Due to limited storage space, Karnes said Kimmel must carefully plan out when employees buy supplies and prizes. She said they were — and still are — prohibited from storing university items in their homes.
“We are not buying a bunch of stuff for an event seven months from now, so we’ve got to buy it before, keep it locked up and then [distribute] it to the winners,” Karnes said.
Purchasing power was not unique to Welter’s position. According to Procurement Officer Starla Nixon, there are about 500 purchasing cards held at SIUE, and each department handles its own purchasing control systems.
“There are controls in place,” Nixon said. “There are people who buy the purchases and then there is someone different who would reconcile the purchase — that means that they would apply the budget purpose numbers and put in the information regarding what was purchased, and then there is someone who approves the purchase. That is typically someone in the department at a leadership level.”

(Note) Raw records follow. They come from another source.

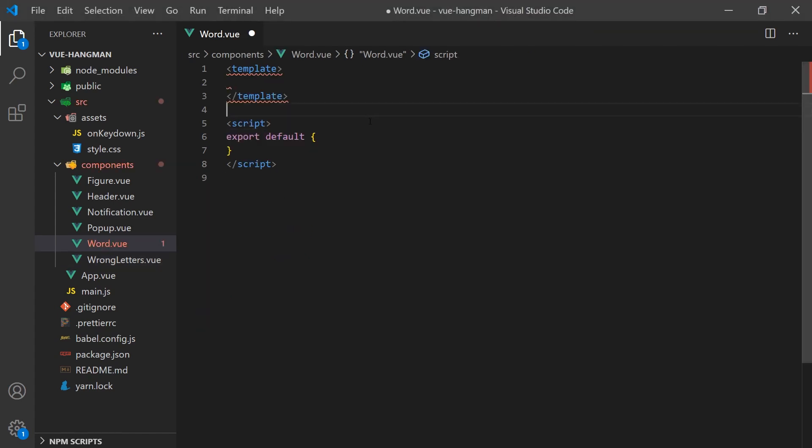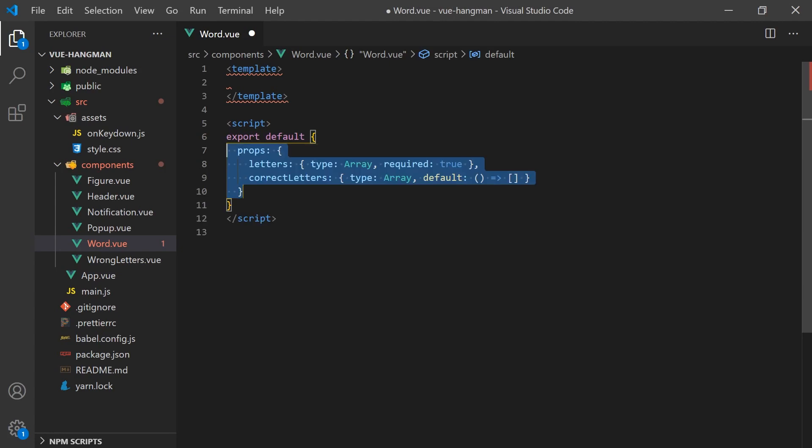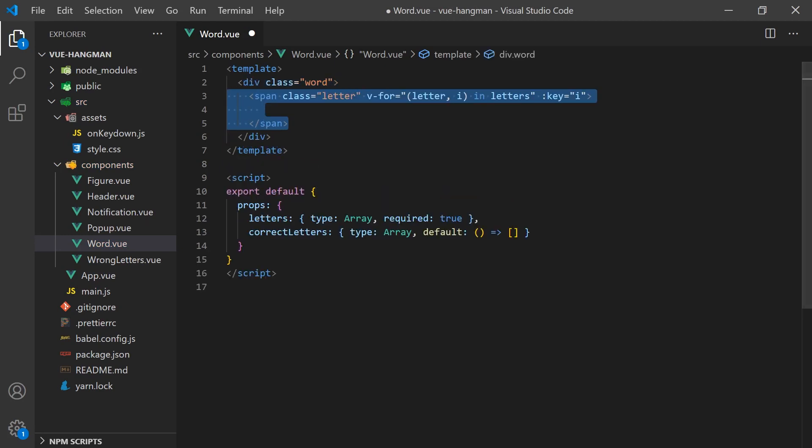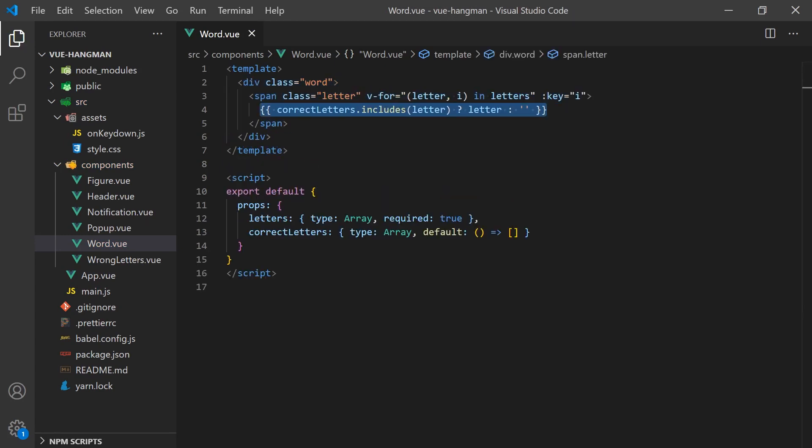Below the figure and incorrect letters is where we will display the word. To create this component, we can copy over the div with the CSS class and iterate over each letter in the word. Inside the loop, we'll use a ternary if statement to only display the letters that have correctly been guessed.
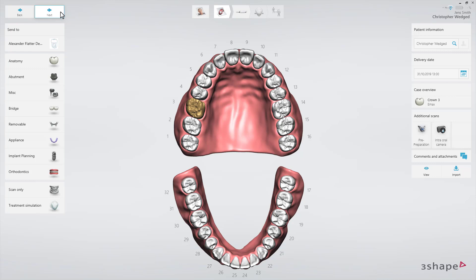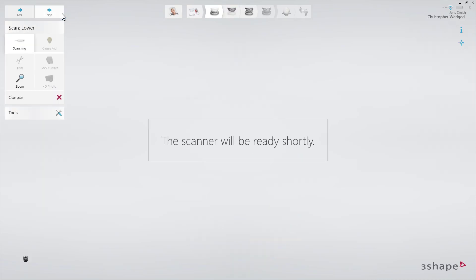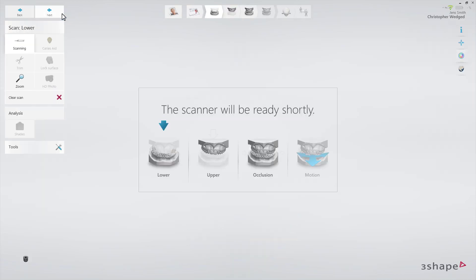Use a retraction cord and/or hemostatic agent if parts of the margin are subgingival. In this case, start by scanning the opposing arch to allow time for the retraction methods to take effect.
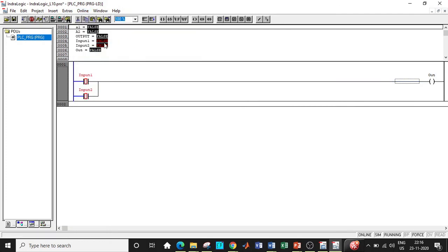So now let us go to force values again. If you see, for input one and two being false, the output is still false. So this concludes that we are able to implement OR gate using the ladder diagram in IndraWorks.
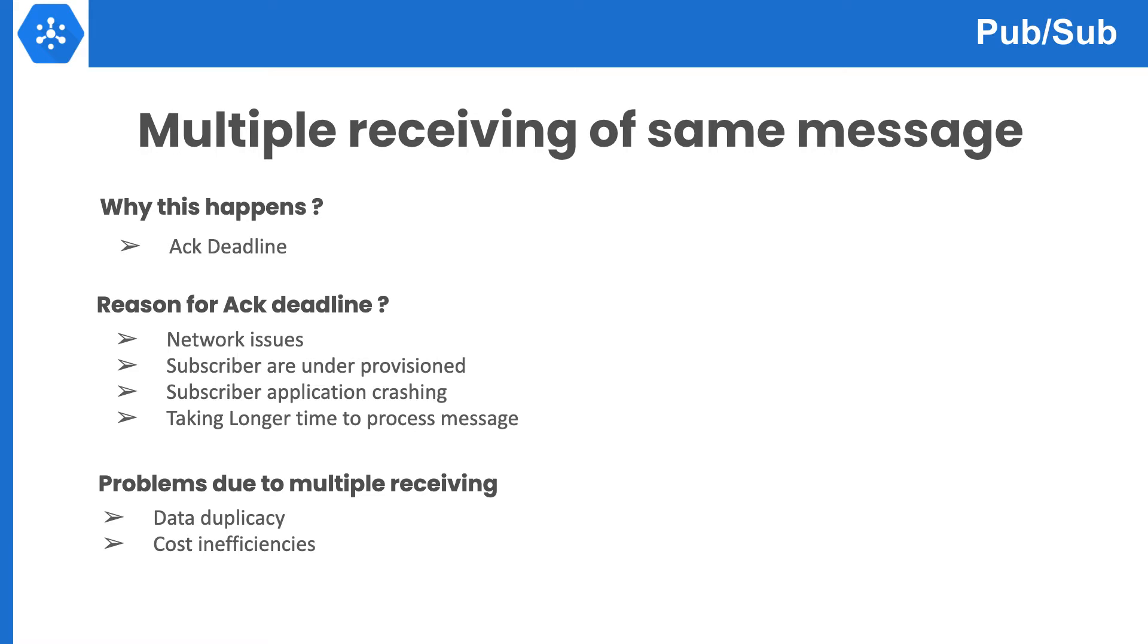Now, what are the reasons for acknowledgement deadline expiration? We will talk about a few reasons. First is network issues. It can happen that a subscriber processed the message but couldn't acknowledge due to some network problem, or it takes too long to acknowledge messages. The second is subscribers are under-provisioned.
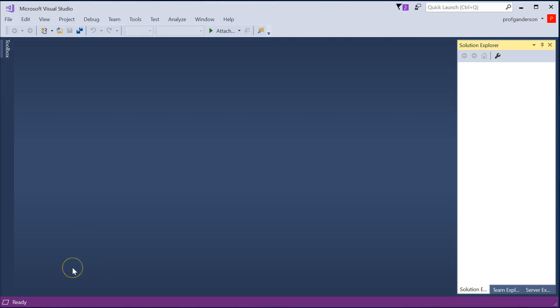Let's learn how to create a website in Visual Studio 2017. I'm using the Community Edition.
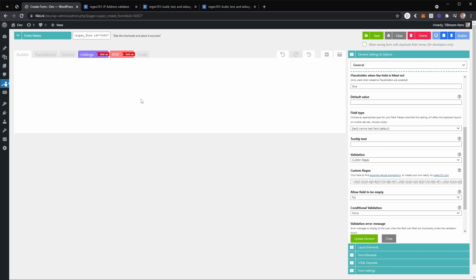That covers the custom regular expression option in superforms. I hope this video is helpful. Let me know in the comments if you have any questions or need help with a custom regular expression — you can also just Google whatever expression you require, whether for IP addresses or a specific zip code format in your country. Play around with it on regex101.com. Let me know if you want me to do a specific demonstration video about a feature in superforms. Have a nice day and take care.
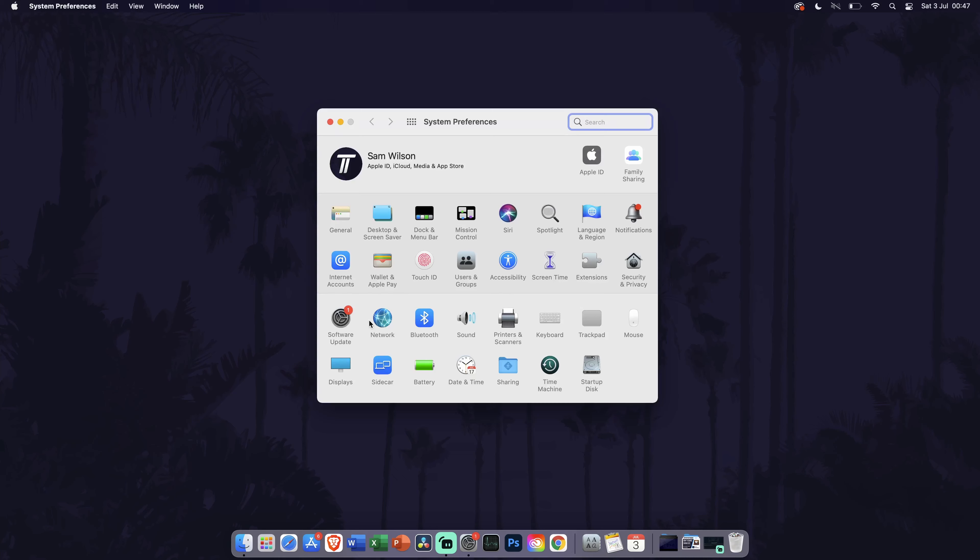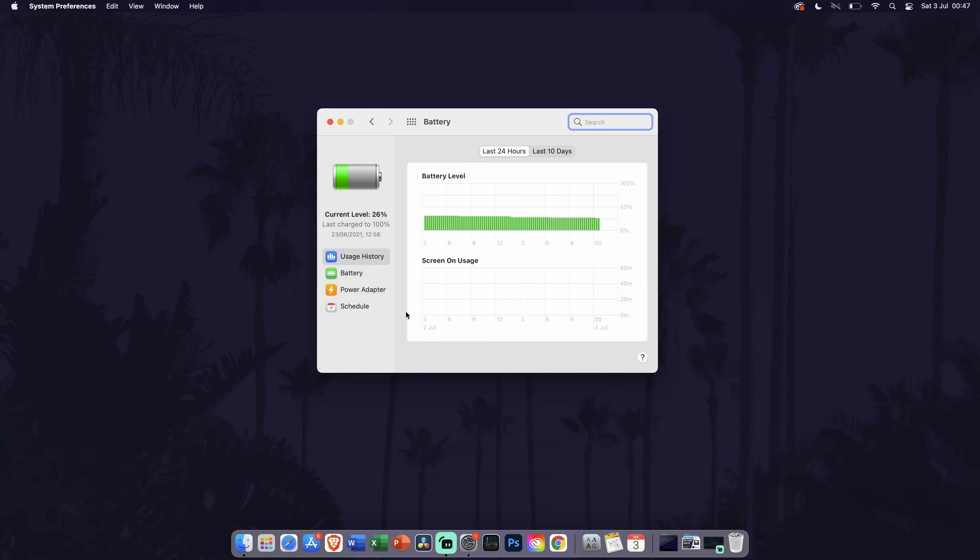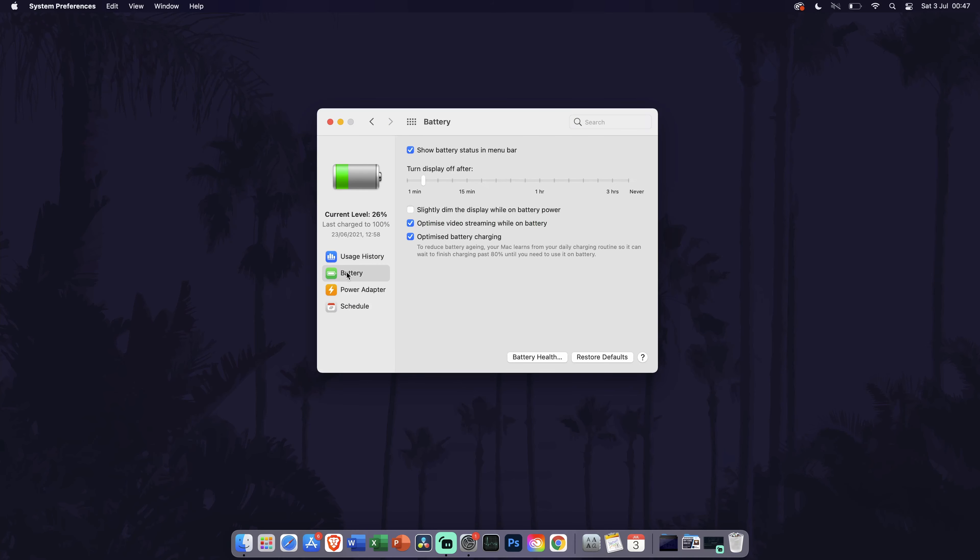Within system preferences, click on battery. In the battery tab, you can change settings relating to when on battery power such as the display brightness and battery optimization settings. At the top, you can see the timer for when the screen will automatically turn off.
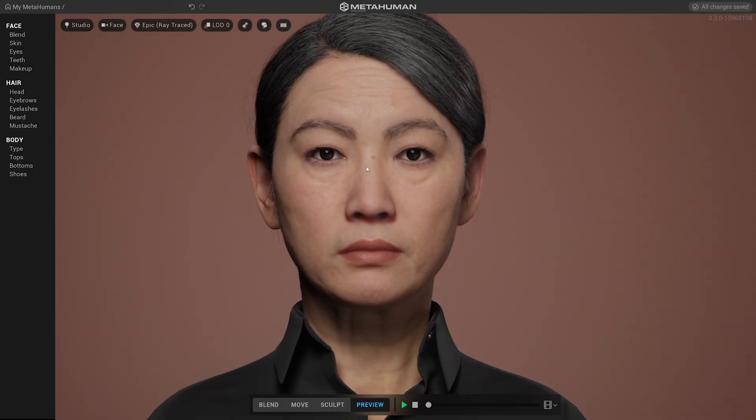It's also creating a new rig for the character, which controls how they move, how they emote — and that really brings life to the character.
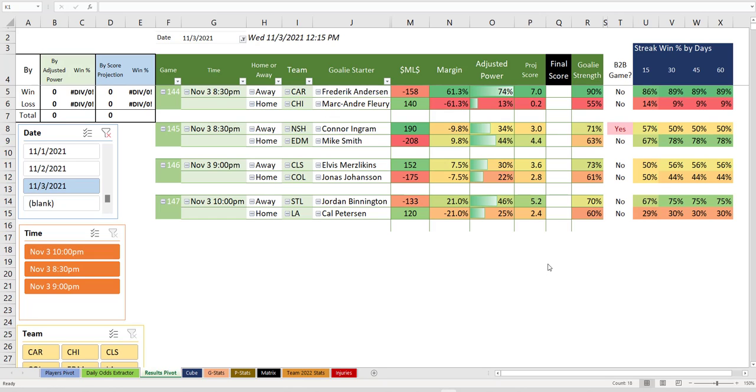Welcome to Wednesday Hockey. It's an NHL algorithm update for Wednesday, November 3rd, 2021.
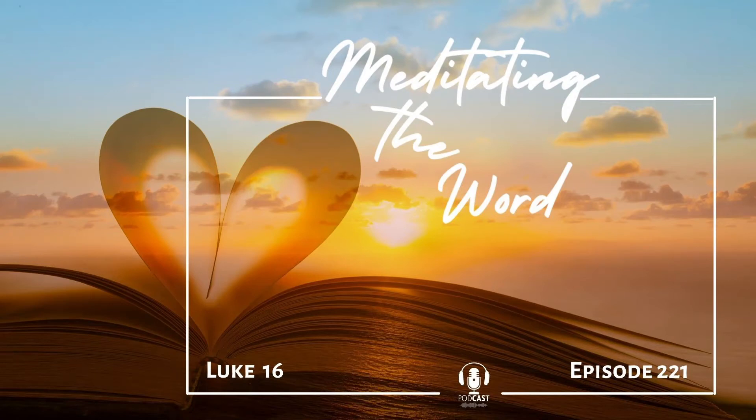Today's meditation is on Luke chapter 16. I am a child of the light. I am honest in my dealings, but I am also shrewd in dealing with the world around me.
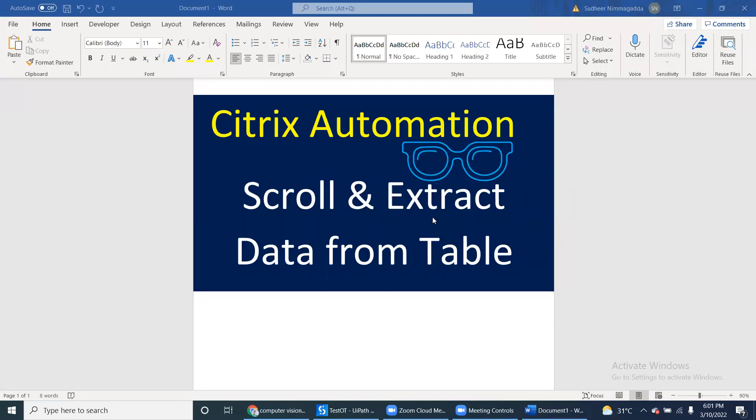Hello UIPath experts. In this video we will see Citrix automation. We'll take the remote desktop and within that we will open any table or data and extract the data.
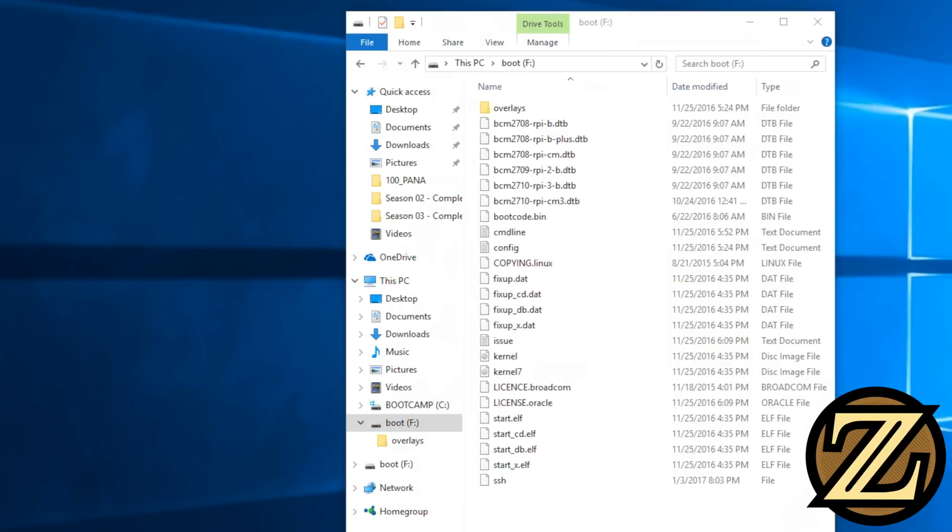By the way, you don't actually have to write in here whatever you want, the point is that you can, it doesn't matter what you do. Now we have a file here called SSH.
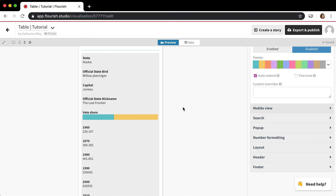That was a long one, but I just wanted to make sure I explained all the really important features of the table template, because it really is a great template that I don't think people use enough. Hopefully that was helpful.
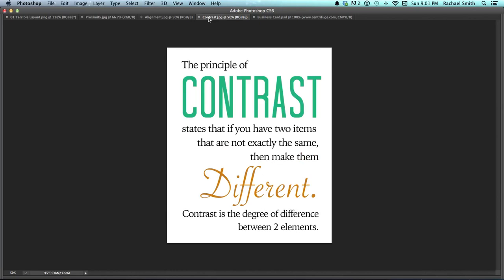Contrast. The principle of contrast states that if you have two items that are not exactly the same, then make them different — make them stand out from one another. Contrast is the degree of difference between two elements.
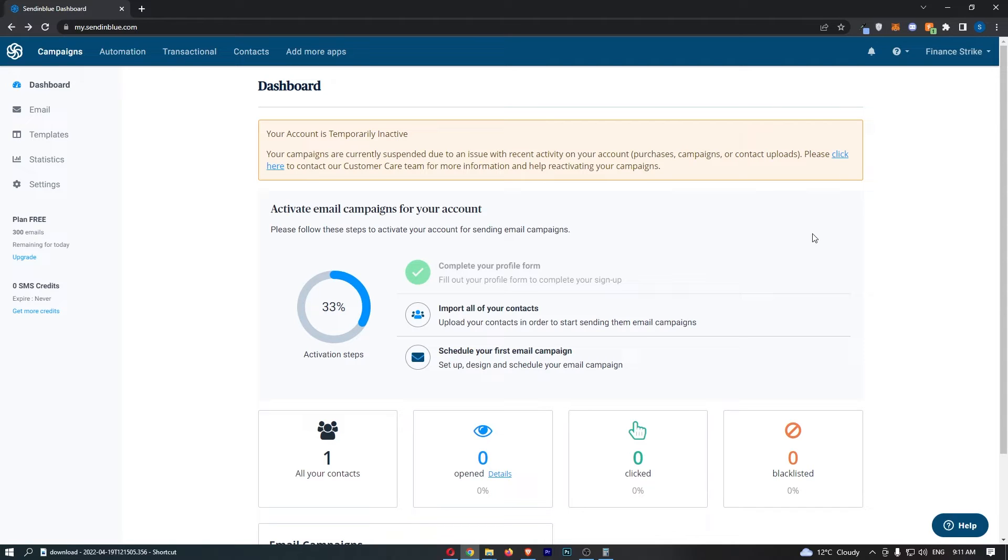Okay, so to do this you first of all want to load up SendinBlue right here and sign into your account.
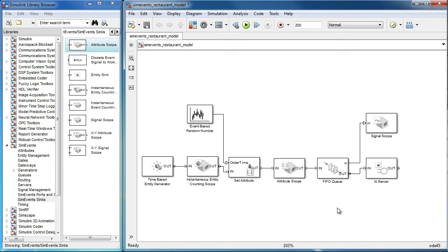In this video, we will look at how we can use the attributes of the entities to set the parameters of the blocks downstream in a Simulink model.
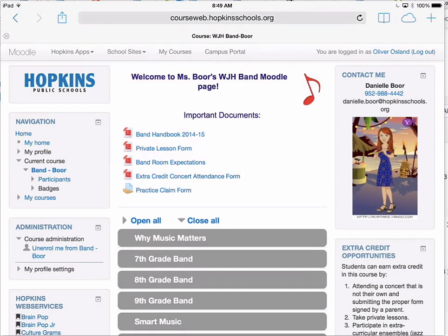In this assignment, a student will learn how to use Notability to complete an assignment online and then submit it to a Moodle assignment. I'm logged in as a student, and one example would be this assignment on the top block of Boer's Band page called the Practice Claim Form.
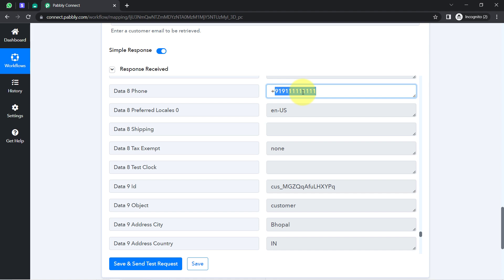Don't worry about this being a dummy number — I will replace it with my genuine WhatsApp number when sending the final message. Also, an important tip: whenever you collect customer details or sell something, make sure your checkout page also collects the WhatsApp number in the correct international format. This will make it easier to send WhatsApp messages regarding cancellations or successful payments.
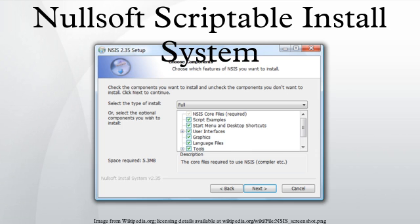NSIS version 1 is in many ways similar to the classic Windows installer, but it is easier to script and supports more compression formats. NSIS version 2 features a new streamlined graphical user interface and supports LZMA compression, multiple languages, and an easy-to-use plugin system.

Within Kimmel, Karnes is the one who approves the purchases. Because of this, she does not hold a purchasing card. She said full-time staff members in Kimmel hold the cards, and the money used comes from a variety of sources, including Pepsi dollars, student fees and revenue generated by the MUC. While Kimmel’s changes were not targeted directly at the purchasing process, it maintains surveillance over the use of purchasing cards.
“We are purchasing things and buying things as a building constantly, so whether we are buying supplies for textbook services or the Cougar Store, whether we are buying prizes, it is the norm that people have the ability to purchase,” Karnes said.
As far as purchasing card violations are concerned, SIUE Police Chief Kevin Schmoll said it is up to the department supervisor to place sanctions on the employee in question.
“There could be some type of purchasing violation, and we would then turn that over back to a supervisor of that department to handle,” Schmoll said.
Because Welter’s case presented criminal offenses, the police moved forward with an investigation. According to Schmoll, when an employee engages in an activity that is potentially criminal, a supervisor typically contacts either him directly or the non-emergency department line, and, from there, the police determine how to proceed.
“If there is something there, we would continue our investigation,” Schmoll said. “If there is nothing there, then we would stop our investigation and turn it back over to the department, and they’ll deal with it themselves, but there has to be a criminal element to us for us to conduct a criminal investigation.”